Friday, April 03, 2009

(another chapter of The Brides of March: Memoir of a Same-Sex Marriage)

The First Wedding Anniversary

March 3rd, 2005, fell on a school day, much to our children’s dismay.

There had been talk, when we were giddy with marriage and anything seemed possible, of all the kids celebrating our anniversary, too, of them gathering for laser tag, sumptuous feasts, maybe a day off from school? They’d been jazzed about our marriages, which were, in part, about them: to protect them, to celebrate them, to make them “legitimate.”

As the day approached, it became clear that all the other mothers had reneged on this arrangement except us. We might still have been mavericks and let them hang at home that day and party the night away, except that Anna had missed two weeks of school for an undefined illness, and someone had to baby sit Graeme while Jannine and I celebrated… So Duncan and Anna had school as usual.

The Brides of March, as we came to call ourselves, all went out to dinner together, ten friends who had married that Wednesday at the First Unitarian Church, five couples who, in the joy, turmoil, and heartbreak after, had forged stronger friendships and appreciation for both our differences and our commonalities.

As moms, none of us get out much, but we’d had a trial run of sorts on New Year’s Eve, going en masse to a lesbian dance and fundraiser. We’d brought with us a spirit of joie de vivre which had all of us dancing: Chris and Lisa two-stepping all over the floor, Jeanna and Ellen disregarding the beat in favor of slow dancing, and Marty and Terri doing an impromptu Waltz. Later, Chris cleared our table and patted it, urging me up. When Lisa told me to take advantage of this rare opportunity, “Come on Beren, it must be fifteen years since you’ve danced on a table,” and the whole group urged me on, I did as I was told, and another couple of women followed suit on their own tables, since it really is fun up there, and something everyone should try.

I even got tips.

For our anniversary night, we booked a long table at a restaurant owned by a woman who offered us a free champagne toast when she was told the occasion, and announced to us (and the whole restaurant) that she’d just gotten engaged to her girlfriend. It was posh, dark, savory scented, and had stupid food, but it was good to be there with nine other women who understood what it had taken to reach that day.

At the table behind us, a group of straight moms from our daughter’s school were having drinks and discussing their book group selection (allegedly), while taking a break from the home fires. When she saw our long table, one of the moms, our friend Christie, asked us what miracle had brought us out on a school night? When Jannine told her, they toasted our marriages, smiles all around.

What Christie and her book group couldn’t know, was that it had been both the pinnacle of joy, and bitterly painful, to have married amid the support and disdain of a bipolar nation.

In the days before we gathered for pan-seared pork and prime rib, Bill Graves, from the Oregonian, had called many of us to ask us how we felt as the anniversary approached, and what benefits we’d received from getting married. Some of the moms had given him examples of small benefits offered by businesses, or stories about announcing their marital status.
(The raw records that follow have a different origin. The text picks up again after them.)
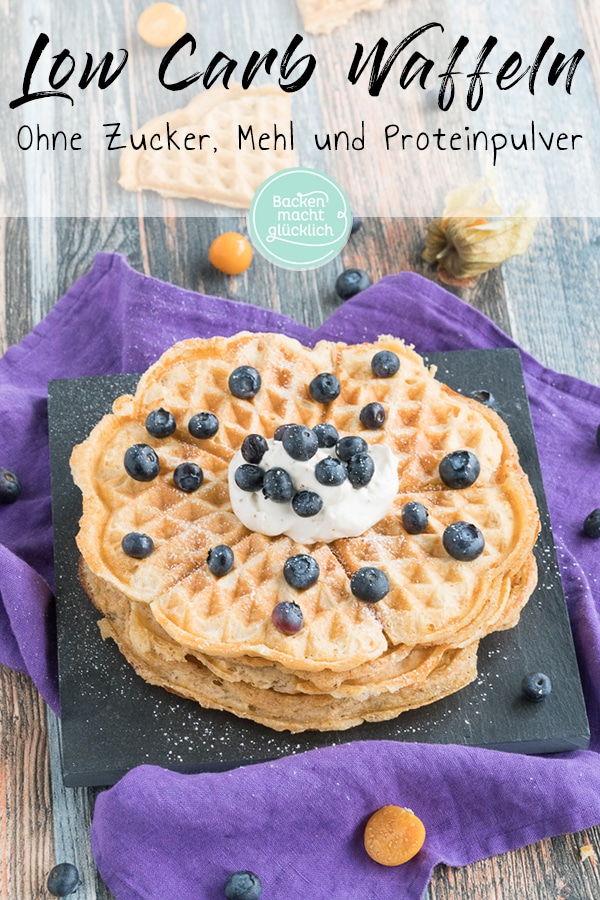 Diese fluffigen Low Carb Waffeln ohne Mehl, Butter, Zucker und Proteinpulver sind perfekt für alle, die kohlenhydatarm schlemmen wollen. Schnell & einfach!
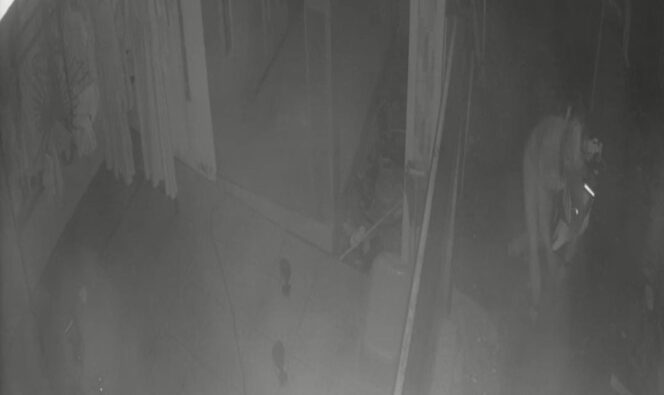 
					Pencurian Motor di Winongan Terekam CCTV, Viral di Medsos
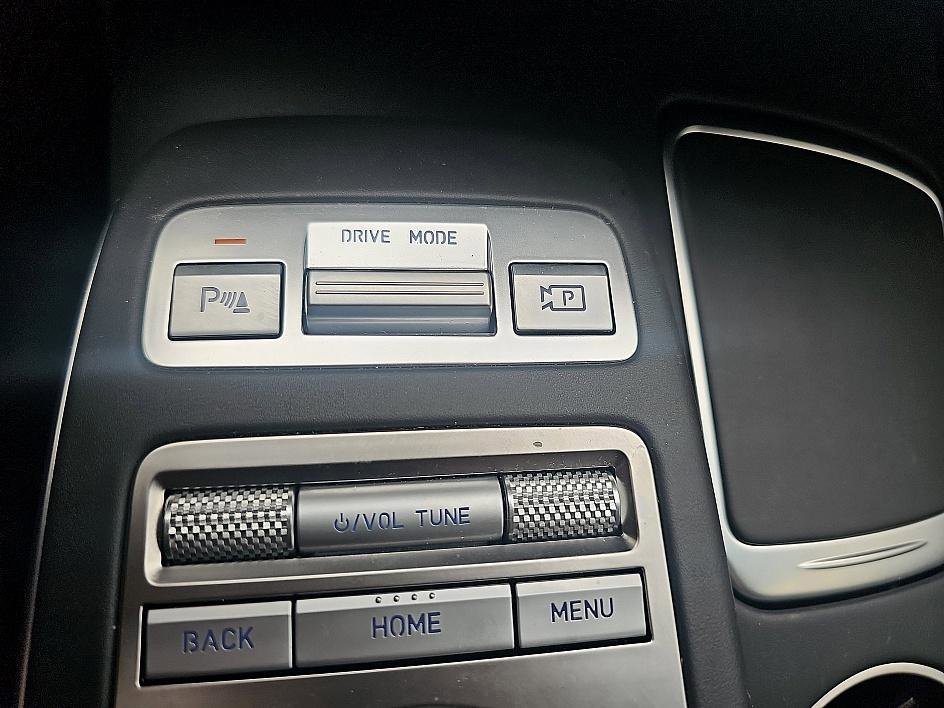 Used 2025 Genesis GV70 3.5T Sport w/ Sport Advanced Package image 21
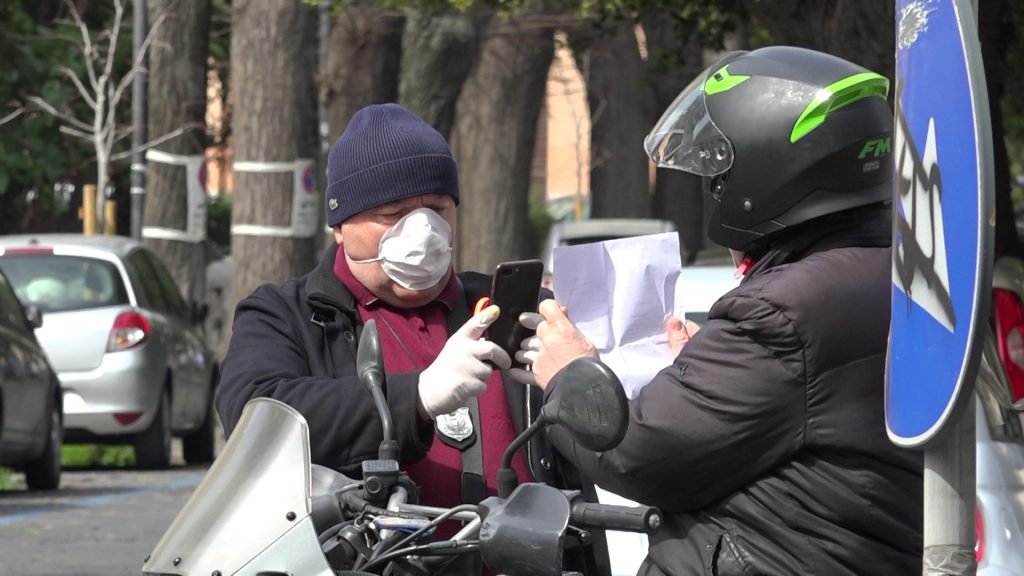 Messina ed il coronavirus: troppe auto per strada. Nonostante i controlli serrati. 7 00007.00 06 29 04.Immagine007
I’d waffled about calling him back after he left us a message (and Jannine was done talking to reporters), and never did. He knew there had been no real legal benefits. Despite our marriages being registered with the state, they were in an unprecedented legal limbo. Did he wonder if we had married membership at health clubs? The zoo? Or had to pay more on our taxes as a couple? Obviously there were no social security benefits, automatic inheritance, or any of the other perks married heterosexuals got gratis with a license to wed.

I’d been burned before after being quoted in the paper, and didn’t need more ribbing from people who saw our marriage, and others like them, as publicity stunts, attention seeking, or as Barney Frank put it (regarding the marriages in San Francisco), “spectacle weddings,” proving that he simply didn’t get it about wanting to marry the one you love. My skin felt too thin.

Even the many people who did “get it,” suddenly seeing what we’d been denied, were ready to move on, feeling that the same-sex marriage issue was over, not realizing that it was far from over for any of us around that table eating slices of first anniversary wedding cake from Helen Bernhard’s and remembering that morning in March.

Long after the ten of us had finished eating we stood outside the restaurant in the warm spring night, talking about the miracle we shared, until our bodies demanded to be put to bed, even if our hearts were on emotional overdrive.

Has being married made a difference? It’s hard to know. Is it a coincidence that we have come to a place where Jannine and I seem to love each other, care for each other, and work hard to be the best people we can be, more than ever before? Is it from being married that we have resolved old pains, rediscovered old joys, and forgiven ourselves and each other for past mistakes? We seem to look with more open eyes at daily miracles, at the beauty of clouds in a bright blue sky, at the startled laugh of a tickled child, at the calm of a weekday morning. Could a wedding do all that?

March 3rd, 2004, was our wedding day, come what may.